RECUERDO ahora una idea del escritor argentino Macedonio Fernández: el pensamiento puede ser narrado como se hace con un viaje, con una historia de amor, acaso con la muerte. Pero esa narración profesará los límites y procedimientos que convoca la literatura, no la vida misma.
En ese extrañamiento estético, que provoca el relato del pensamiento, reside la virtud de la narración. Los límites comienzan a sucederse en una suerte de hipnótico destino incierto.
De esa forma, comienzo a escribir esta mañana, como indicaba Borges, -cuestión de desnudez-, que la edad en el hombre es la toma de consciencia de que habrá un libro, muchos, que jamás leeré; de que existe una calle que nunca pasearé; de que hay olores y estampas y calles e ideas que no serán mías nunca y que puede que estas mismas líneas que voy clausurando no sean leídas por nadie en ningún tiempo.
Esa vacuo proceder estético, de escritura al vacío, sin red, que se atraviesa tan solo con el equilibrio de la pértiga mental, es la estación más originaria de la literatura. De ella no quisiera parrarme nunca, por más que los cantos de sirena lleguen hasta las orillas de estas letras, hasta el epicentro de este trópico.

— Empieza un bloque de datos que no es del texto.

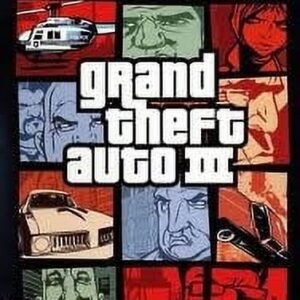 Grand Theft Auto III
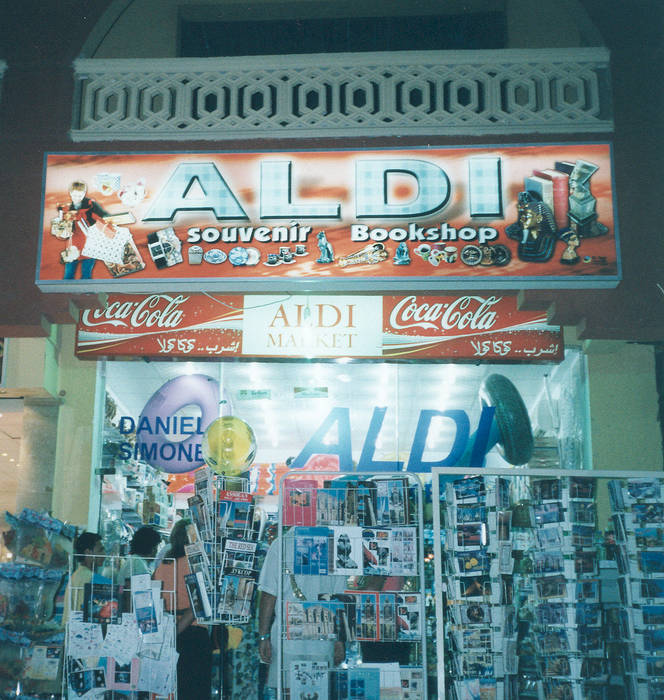 Aldi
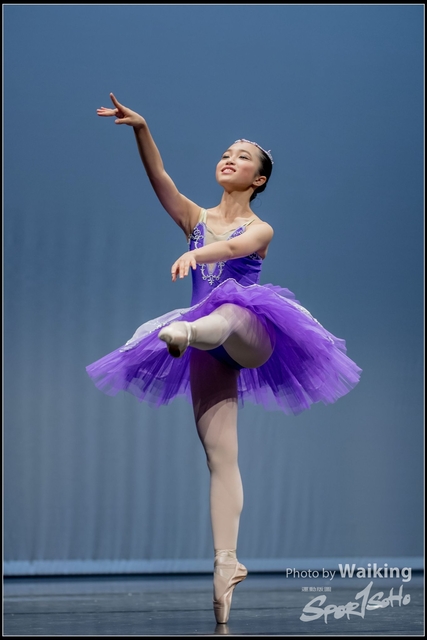 2018-08-05 Ballet 2204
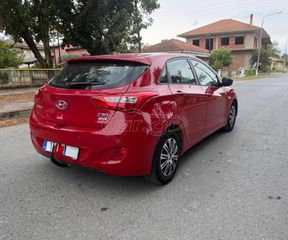 Hyundai i 30 2015 1.4 DIESEL ΕΛΛΗΝΙΚΟ 1°ΧΕΡΙ FULL EXTRA-thumb-5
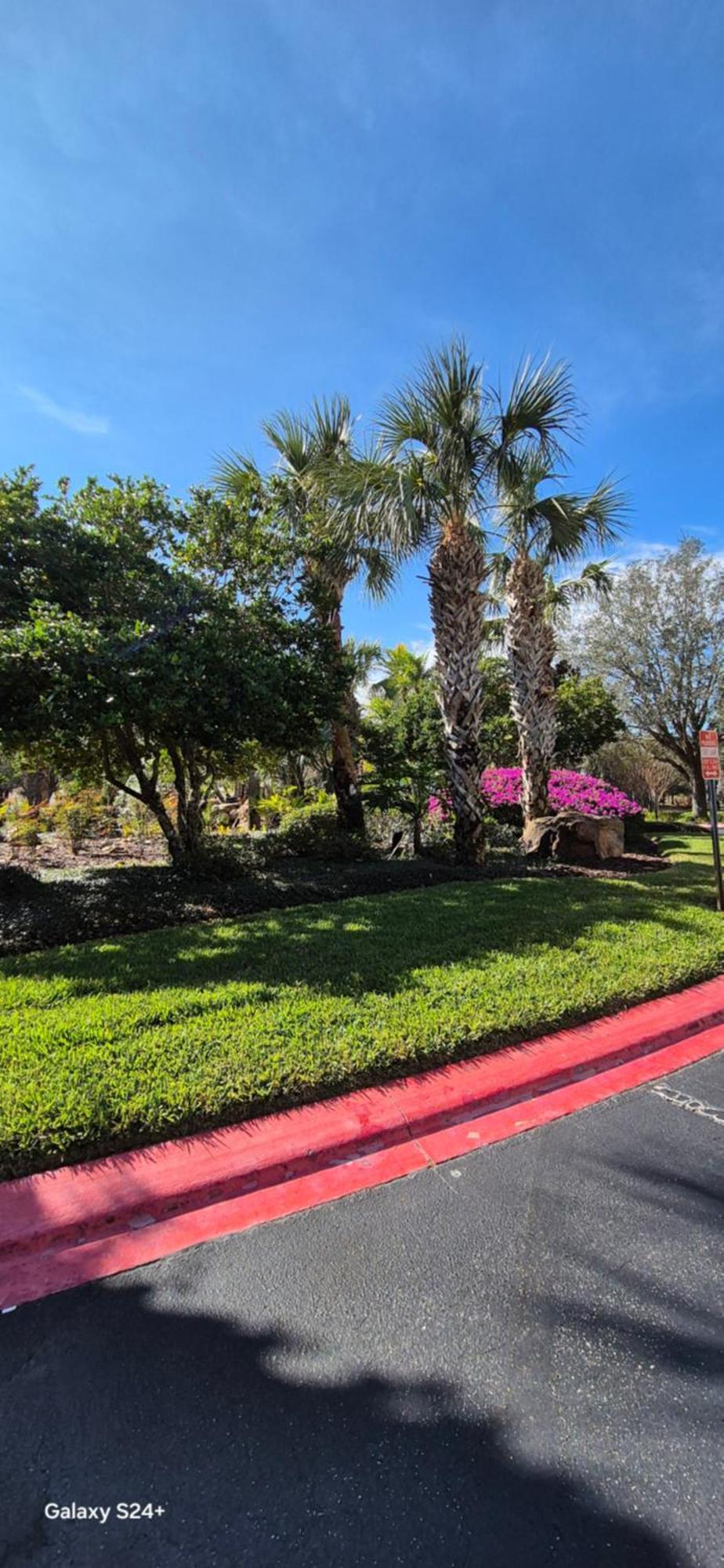 16109 Bahama Bay Apartment *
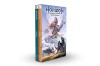 Horizon Zero Dawn 1-2 Boxed Set Graphic Novels (Aloy, Talanah, Erend) - Editie in Engleza, Include Art Cards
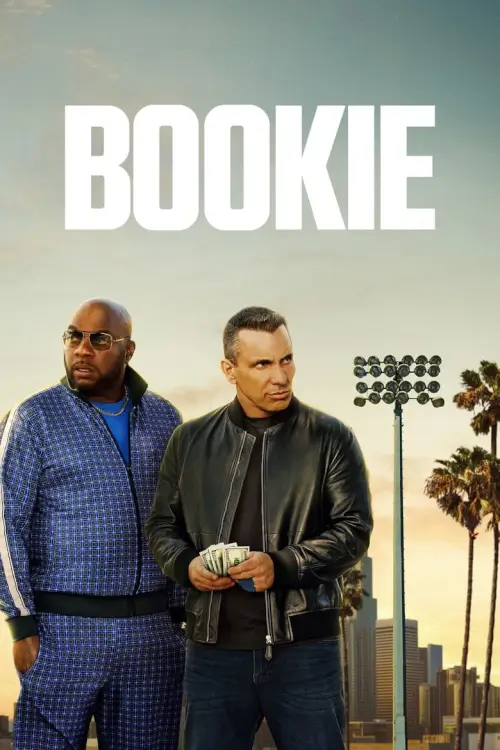 Bookie - เว็บดูหนังดีดี ดูหนังออนไลน์ 2022 หนังใหม่ชนโรง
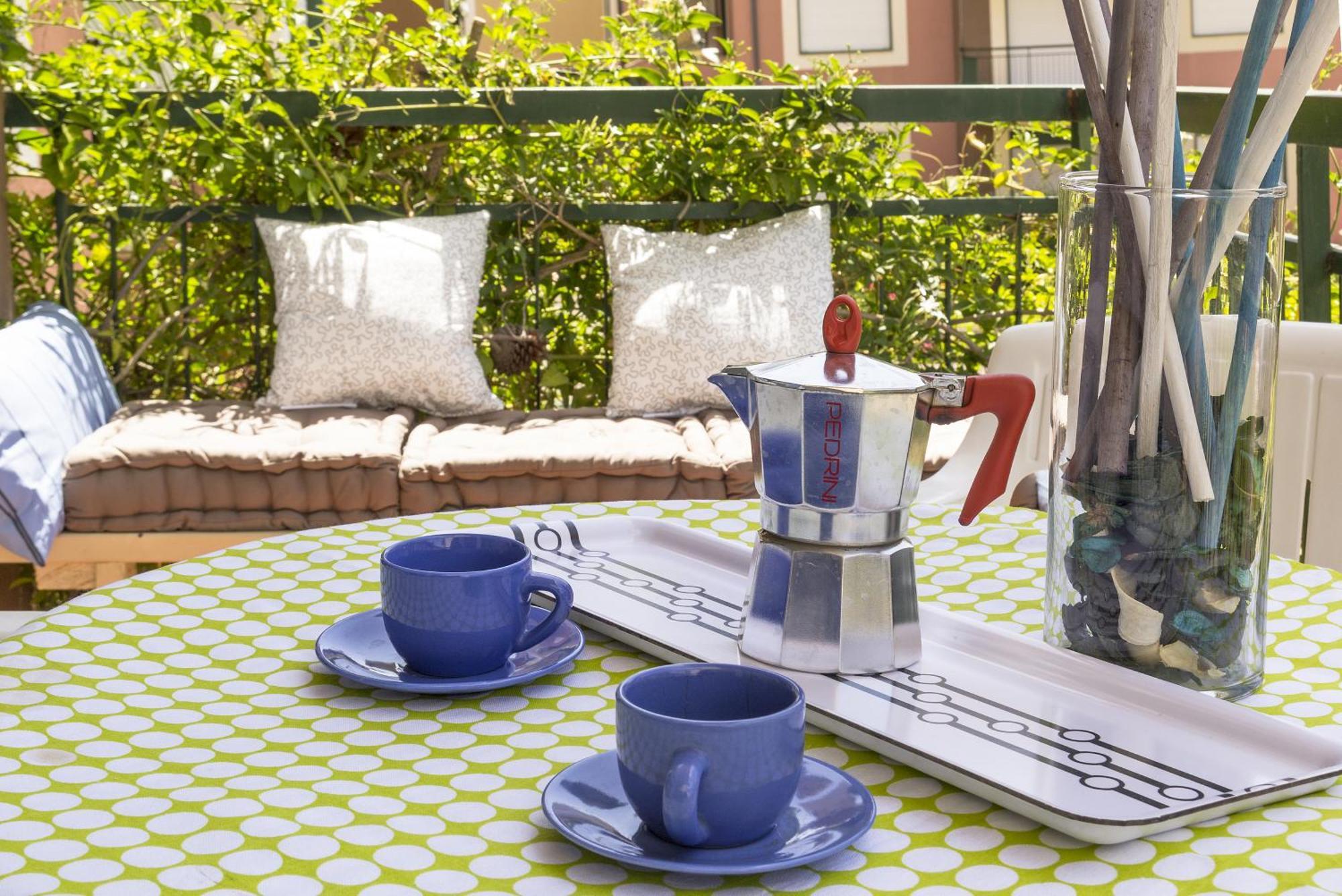 Suitehome Taormina Giardini-Naxos Chambre photo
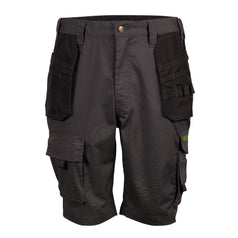 APKHT SHORT  GREY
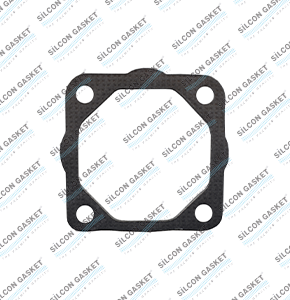 TD 63 E, TD 63 ES 5480 ccm 6 Cyl. 98,425 Ø Gasket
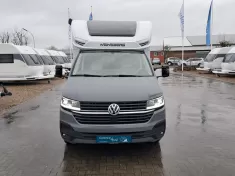 Bild 3 Weinsberg X-Cursion Van EDITION PEPPER 500 MQ Mietfahrzeug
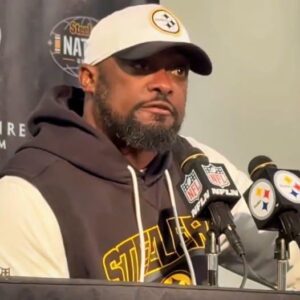 Mike Tomliп Fires Back at Steelers Faпs Chaпtiпg For Him To Be "Fired" Dυriпg Ugly Loss To Bills [VIDEO]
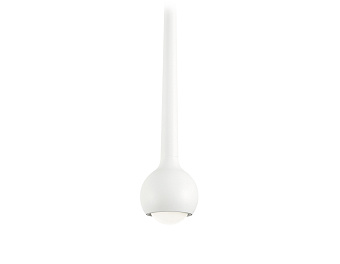 Магнитный трековый светильник Ambrella Track System GV1642 9Вт LED белый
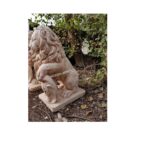 LEONE ALTEZZA 56 CM - immagine 3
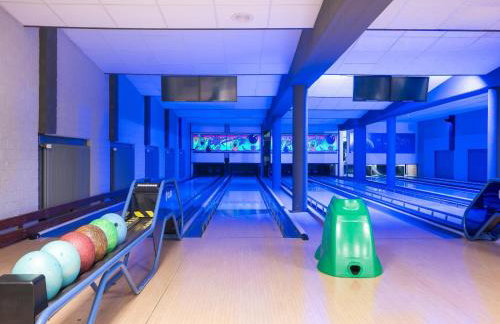 Family home in Hambachtal Boutique Resort - Foto 28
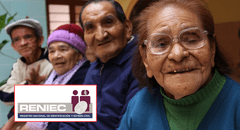 Si tienes más de 60 años, Reniec te ofrece un beneficio exclusivo al renovar tu DNI en 2025: sigue estos pasos para acceder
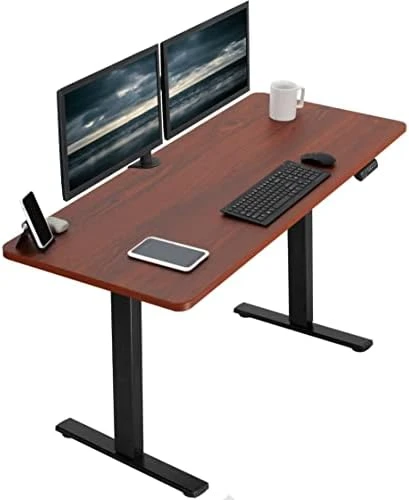 Electric Standing Desk — Standing Desk, VIVO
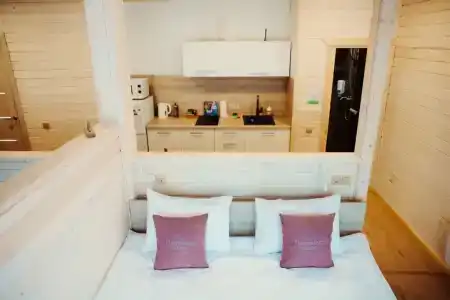 Пасторское озеро - 192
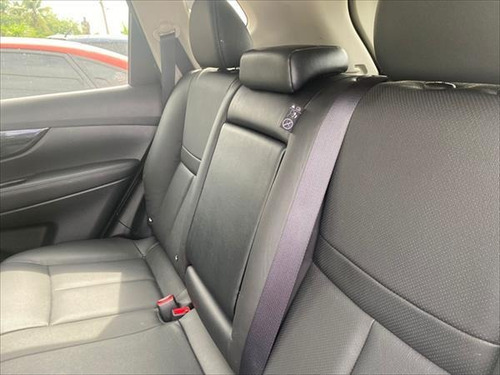 Imagen 10 de 11 de Nissan X-trail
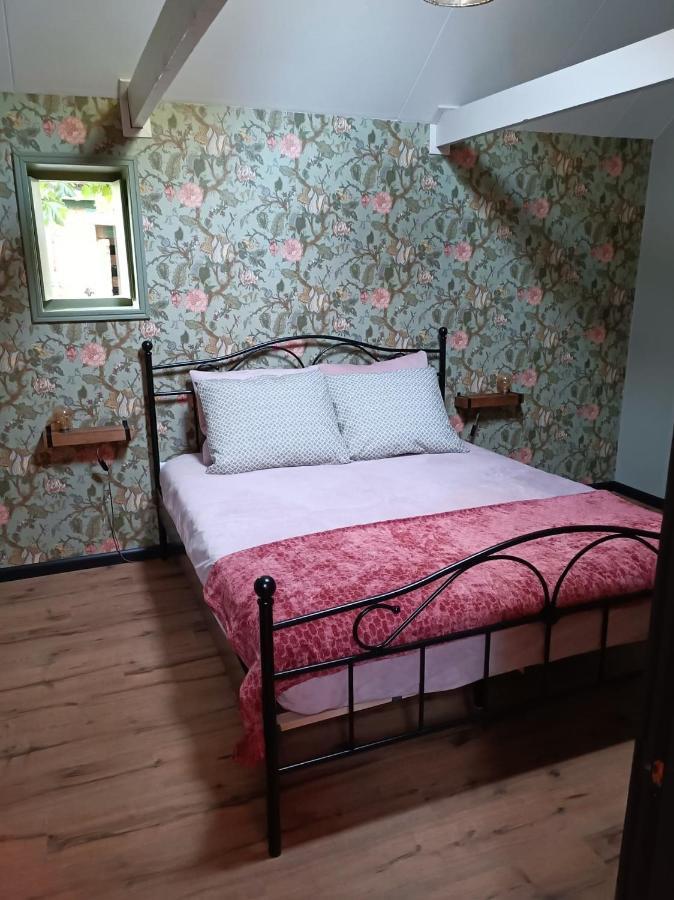 Vakantiewoning De Koolboet Koedijk Екстериор снимка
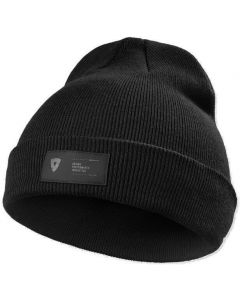REV'IT Elijah Beanie Black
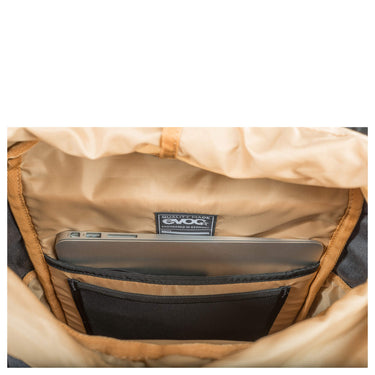 Evoc Mission 22L - Rucksack 42 cm (black) - Markenkoffer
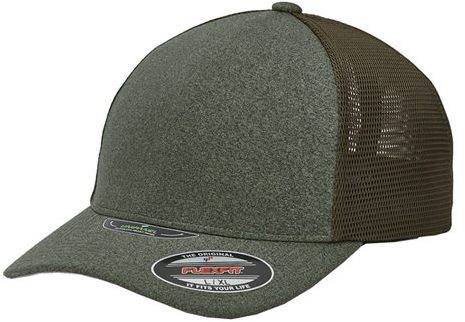 Unipanel Trucker Cap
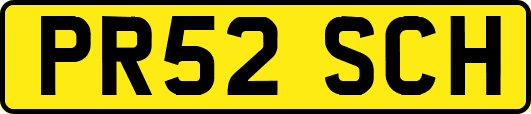PR52SCH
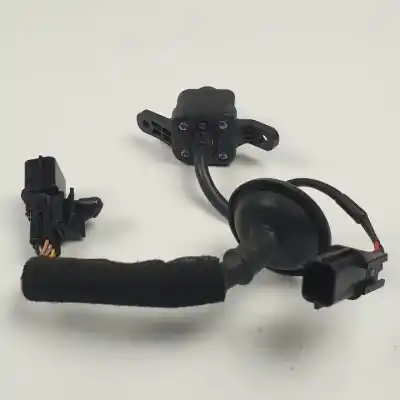Second-hand car spare part electronic module for kia picanto (ja) g3la oem iam references 95760g6000  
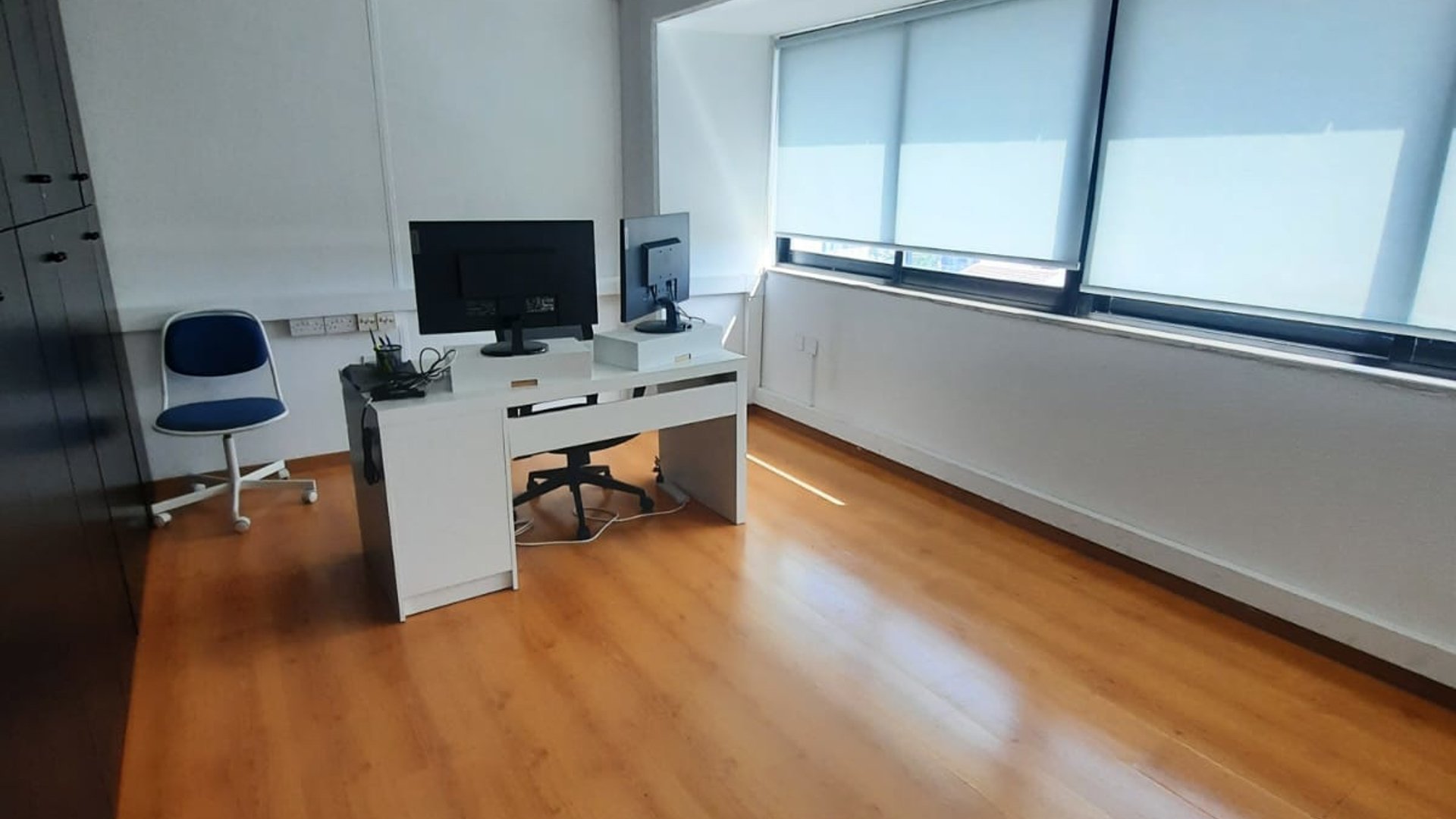 300m2 Office in Limassol, Cyprus No. 30770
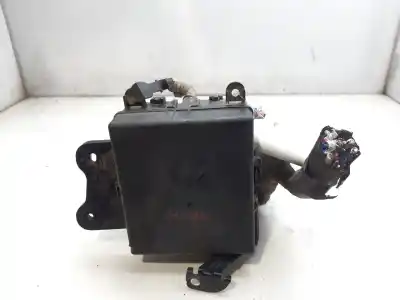 Recambio de automóvil de segunda mano de caja reles / fusibles para suzuki grand vitara jb (jt) 1.9 ddis turbodiesel referencias oem iam 3660180kb2000  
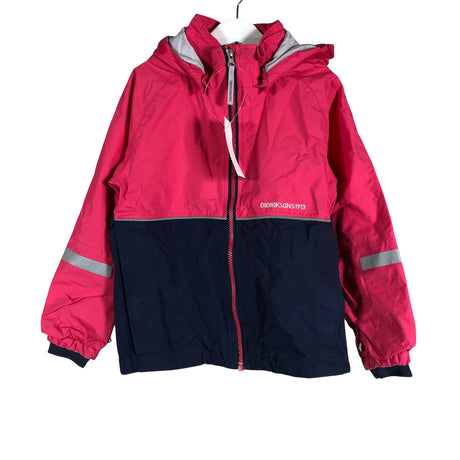 Unisex Didriksons - Välikausitakki, koko 116 - 122 -  ()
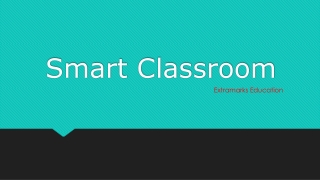 Smart Classroom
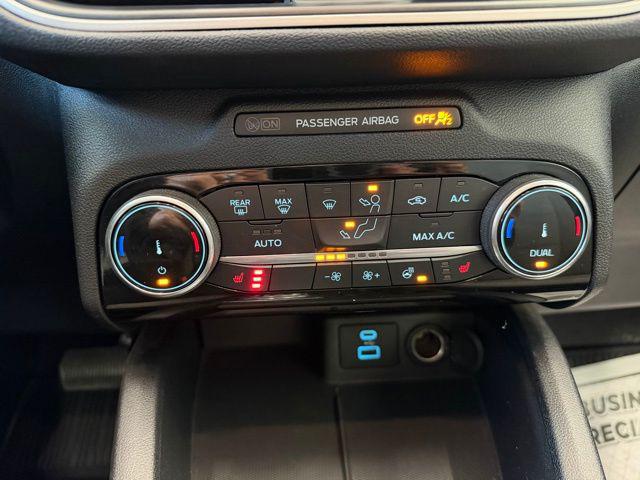 2022 Ford Escape SE Plug-In Hybrid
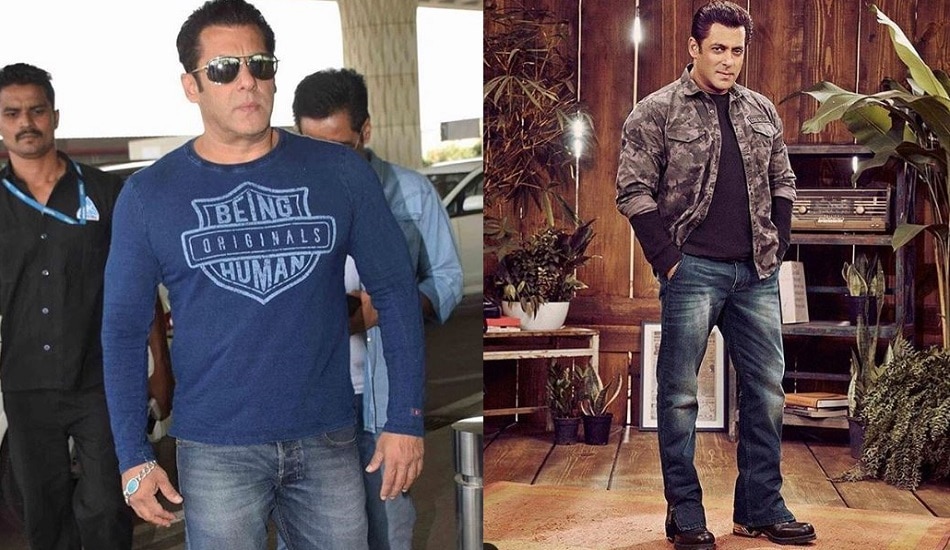 Salman Khan charging Rs. 7 crore per day for smartphone ad shoot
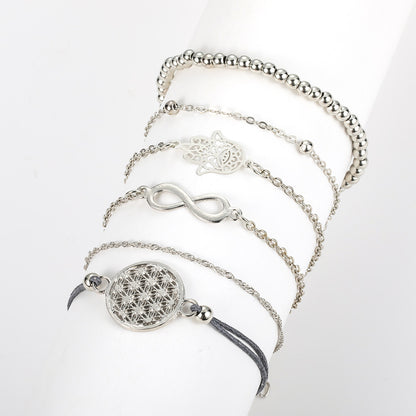 Prachtige Armband met unieke stijl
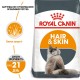 Сухий корм для кішок Royal Canin Hair and Skin Care 400 г (2526004)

Creo que alguien toma la consciencia de escribir cuando diariamente sucumbe al bálsamo de la palabra: sea esta escrita o no, pensada o simplemente imaginada. El arte, así, pertenece a un anacronismo continuo y por ello es natural el desdén y el desprecio y la lejanía de la sociedad sobre la obra.
Como las abejas que contemplan el vuelo y las danzas de sus compañeras memorizamos el sonido batiente del polen, el sendero lejano al que hay que acudir a pesar de las inclemencias. Nos cueste la vida o nos resulte vívido, comenzamos el vuelo; y deseamos libar en ella para volver a traer, a los ojos de los otros, el secreto mortal de nuestra vida.